Encore faut-il que les conditions d’équilibre financier des projets soient acquises. A cette fin, l’Etat doit adresser des signaux adaptés à toutes les parties prenantes : un actif durablement inemployé, en l’absence de projet de transformation, sera, à terme, surfiscalisé.

En quoi la transformation des actifs immobiliers conditionne-t-il l’avenir de l’économie immobilière ?

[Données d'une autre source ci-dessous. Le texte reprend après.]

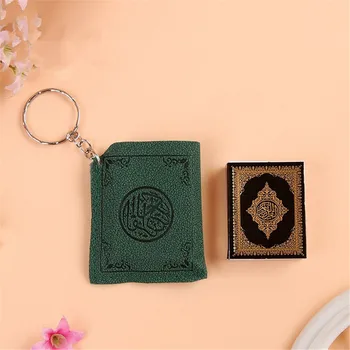Nelja Värvi Mini araabia Koraan Islami Võtmehoidja Naised Mehed Allah Reaalne Paber Saab Lugeda Ripats Võtmerõngast Mood kingitus Külalist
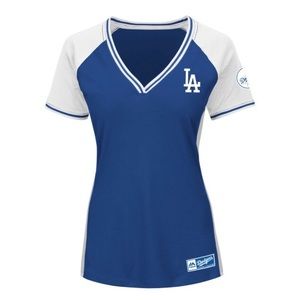 Women's Majestic Royal Los Angeles Dodgers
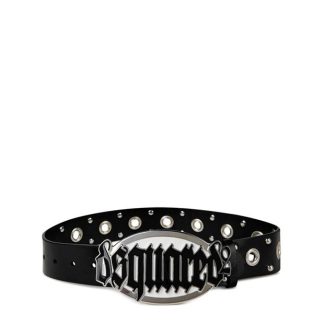 DSQUARED2 Logo-Buckle Belt Women Black  for sale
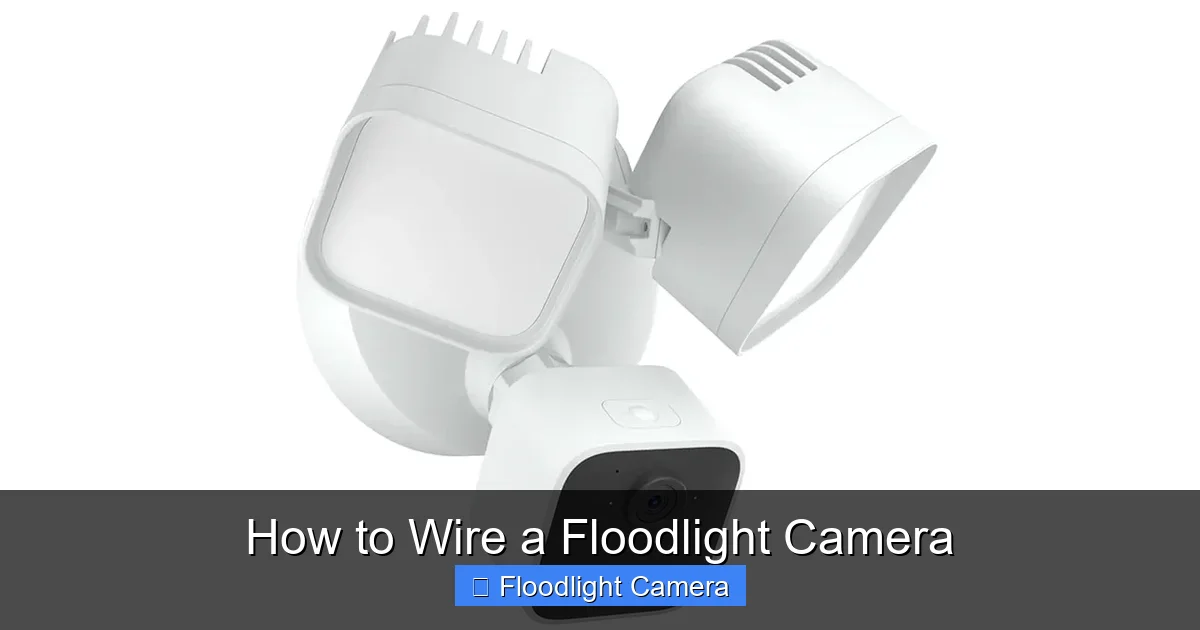 How to Wire a Floodlight Camera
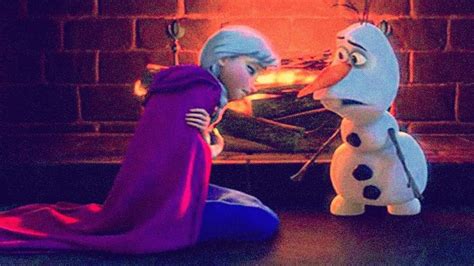 Frozen Olaf Melting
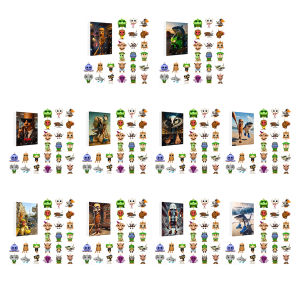 Welcomehome 24 PCS Tung Tung Sahur Italian Brainrot Pendant Figure Ornament Collectable Figurine Set for Creative Desktop Decoration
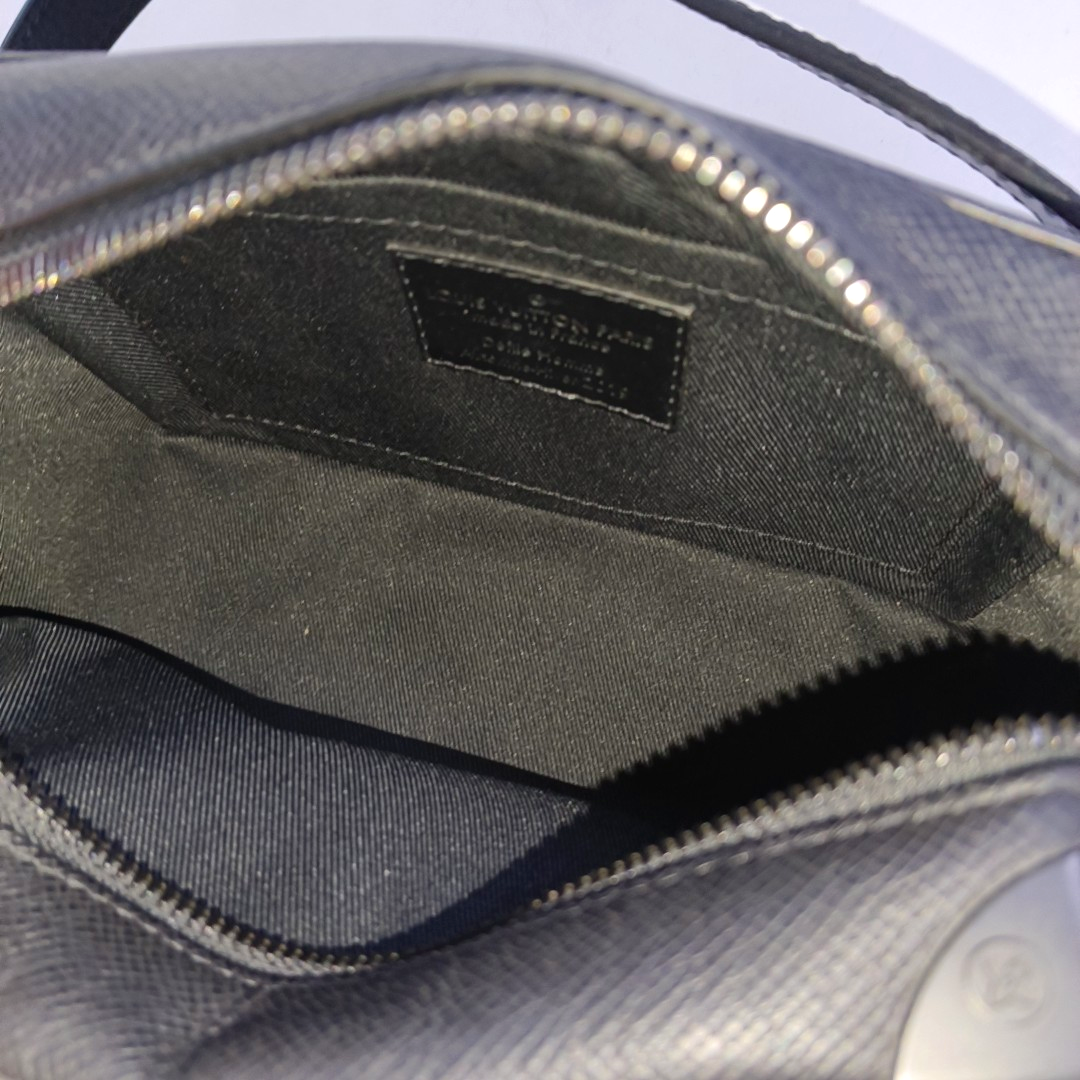 LOUIS VUITTON SOFT TRUNK Mini Black Leather Shoulder Bag Handbag with Detachable Strap-(SKU)-944919253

Depuis un demi-siècle, l’économie immobilière ainsi que les finances locales reposent sur une dynamique d’étalement urbain : par une simple décision administrative d’urbanisme consistant à attribuer la constructibilité à un foncier qui en était dépourvu jusqu’alors, une valeur foncière « magique » est créée ex-nihilo. C’est vrai à court terme, mais il apparaît qu’en découle une multitude de coûts de réseau liés à l’aménagement et à l’urbanisation de l’espace qui s’avèrent, désormais, insoutenables. Donc, l’avenir de l’économie immobilière dépendra d’une équation nouvelle. Celle-ci, pour 80% de son contenu, relèvera de la transformation des actifs, qu’il s’agisse de la dimension financière, physique et donc politique. Pour qu’il en soit ainsi, il faut s’y préparer et beaucoup de temps a déjà été perdu à cet égard.

Et l’économie mixte dans tout cela ?

Si ses dirigeants s’emparent du sujet à bras-le-corps et à brefs délais, les Entreprises publiques locales (Epl) peuvent jouer un rôle central, aux côtés des établissements publics fonciers (EPF), pour organiser le tissu des opérateurs dans cette perspective. A cet égard, il sera nécessaire de mettre sur pied des « foncières de transformation immobilière » dans lesquelles, notamment, les outils publics auront vocation à s’impliquer.

In fine, la véritable question à régler porte sur la vision politique de l’avenir de l’économie immobilière et sur la réactivité des pouvoirs publics quant à l’envoi de signaux pertinents.